India's retail FDI bid fails to sell
By Kunal Kumar Kundu
NEW DELHI - Why are foreign retailers not interested in India?
An apparently substantial policy measure, nay, a revolutionary leap (as the mandarins in the government would want us to believe), was announced on September 14, 2012, and everybody started to believe that the Indian government has finally been able to overcome the policy paralysis gripping it thus far and would end its current tenure in a blaze of glory.
When India finally allowed 51% foreign participation in multi-brand retail, the pall of gloom was suddenly lifted. It was believed that, besides improving the investment sentiment (which would also
result in large inflow of foreign currency which would help finance the current account deficit), the policy would also bring about large benefits to farmers, small manufacturers, consumers and young job seekers.
Unfortunately, however, even after seven-and-a-half months have elapsed since the grand announcement, the Walmarts, the Tescos and the Carrefours of the world have maintained a studied silence. So what gives?
The government, while approving foreign participation in the retail sector, had two major objectives.
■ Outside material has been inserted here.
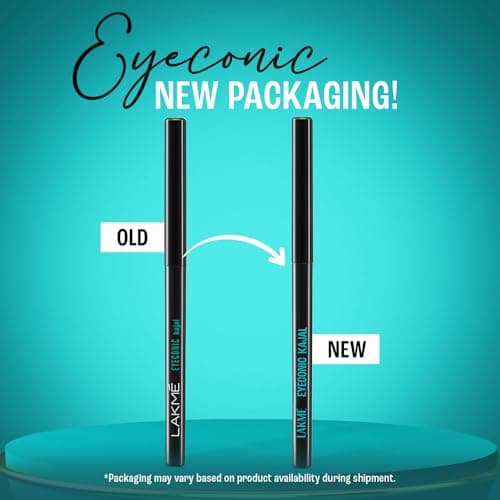 Lakmé Eyeconic Kajal, Turquoise, Water Proof, Smudge Proof, Lasts Upto 22 Hrs, 0.35 g 2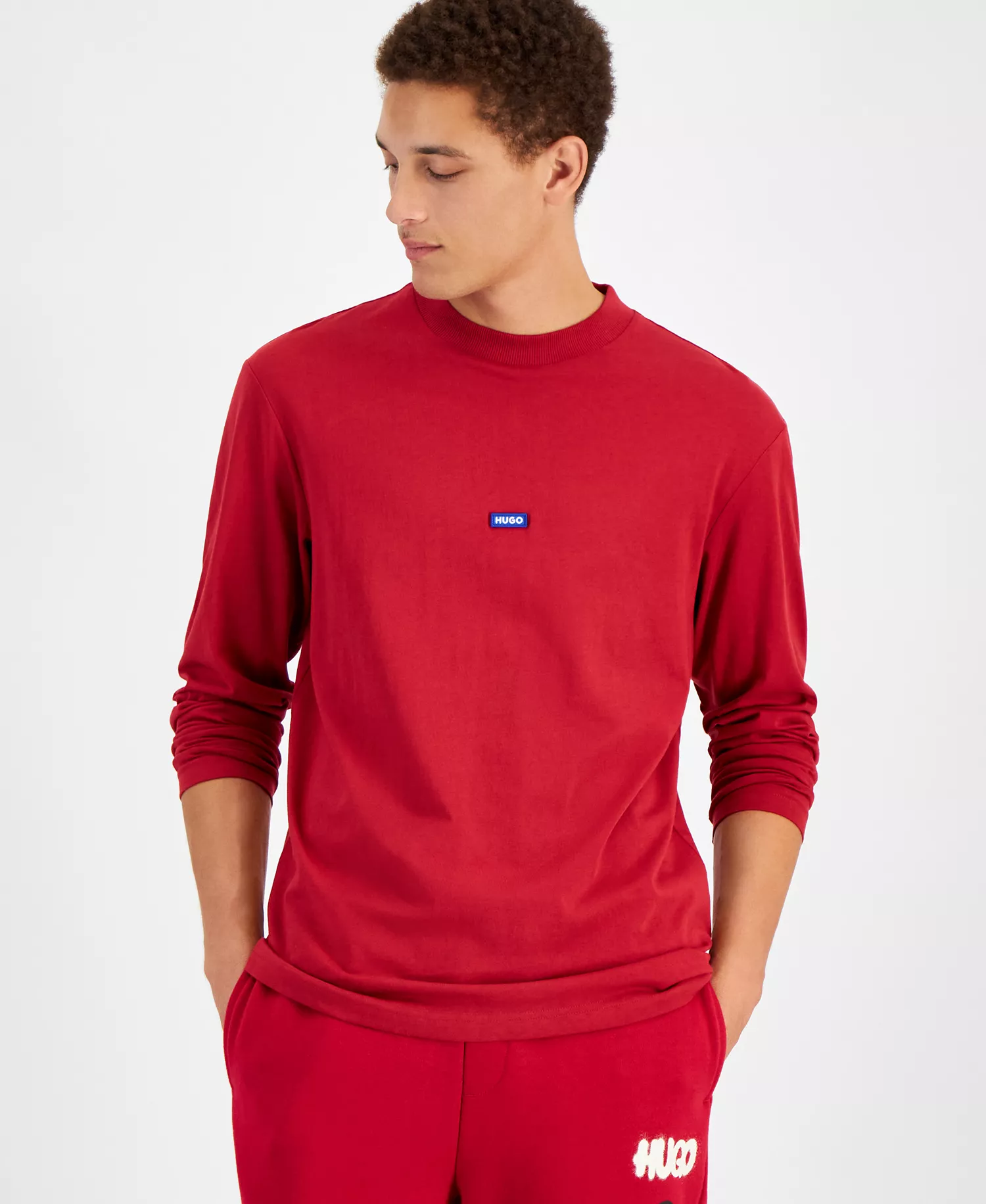 Men's Nilongti Logo Sweatshirt - Burgundy - 2XL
One was to show that things are under its control, the second to ensure that there's not too much opposition to its politically contentious move. While eventually its didn't succeed in either (currently the politically hamstrung government is stumbling from one corruption scandal to another and is barely surviving, while the opposition is looking at every opportunity to derail foreign direct investment - or FDI - in retail), the policy in itself turned out to be way too restrictive for the liking of the would-be foreign investors.
The policy envisages that at least 50% of total FDI in the retail sector (minimum investment requirement being US$100 million) shall be invested in "back-end infrastructure" within three years of the first tranche of FDI. This would include investment made towards processing, manufacturing, distribution, design improvement, quality control, packaging, logistics, storage, warehouse, agriculture market produce infrastructure and so forth.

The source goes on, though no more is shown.